___ MATERIAL SUPPLIED
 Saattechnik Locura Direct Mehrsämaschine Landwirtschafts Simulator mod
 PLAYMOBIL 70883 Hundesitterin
______
___ MATERIAL SUPPLIED
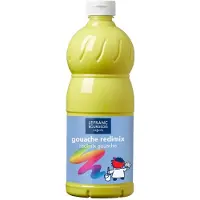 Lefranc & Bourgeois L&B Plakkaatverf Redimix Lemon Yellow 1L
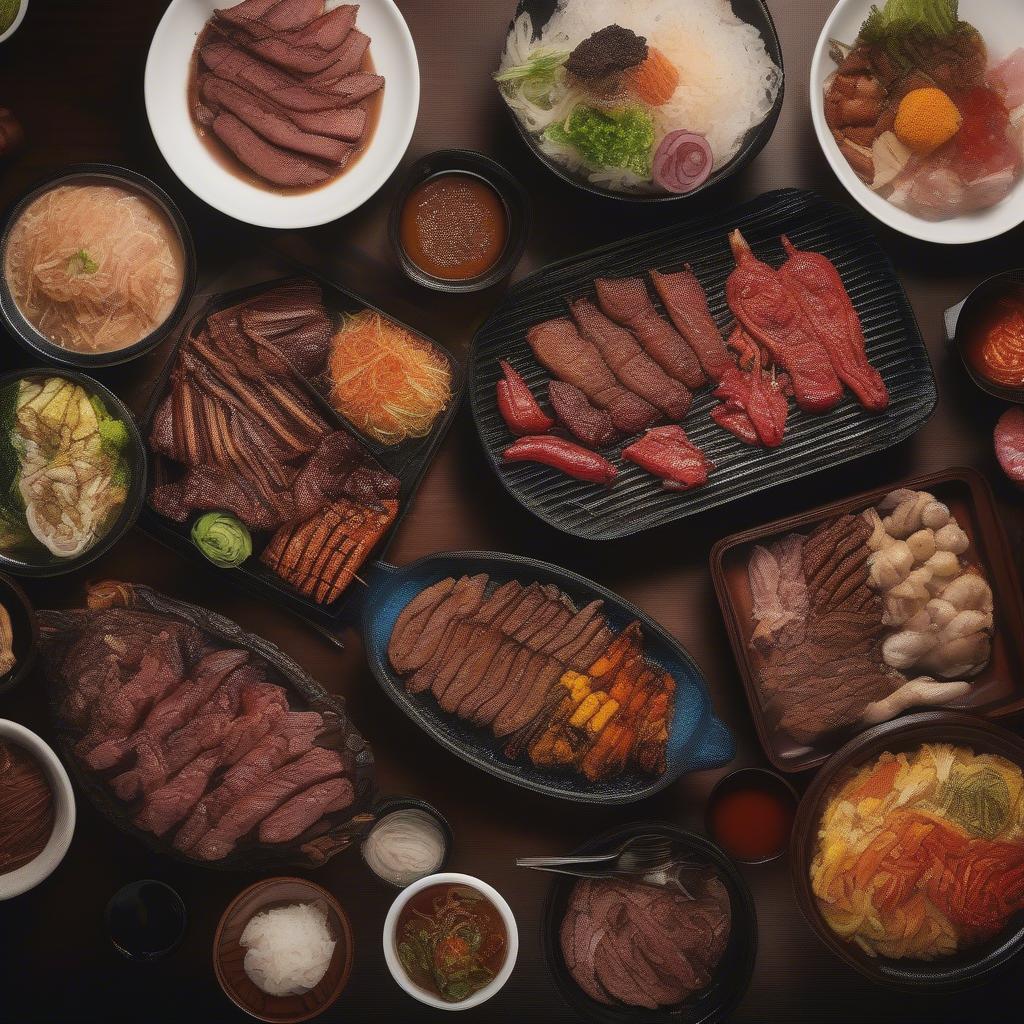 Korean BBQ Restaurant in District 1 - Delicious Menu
______
**WORK INSTRUCTION**
In the listing above, find the line containing "Saattechnik Locura Direct" and the line containing "PLAYMOBIL 70883 Hundesitterin", then retype both and every line between them exactly, with nothing else.

**COMPLETED TASK**
 Saattechnik Locura Direct Mehrsämaschine Landwirtschafts Simulator mod
 PLAYMOBIL 70883 Hundesitterin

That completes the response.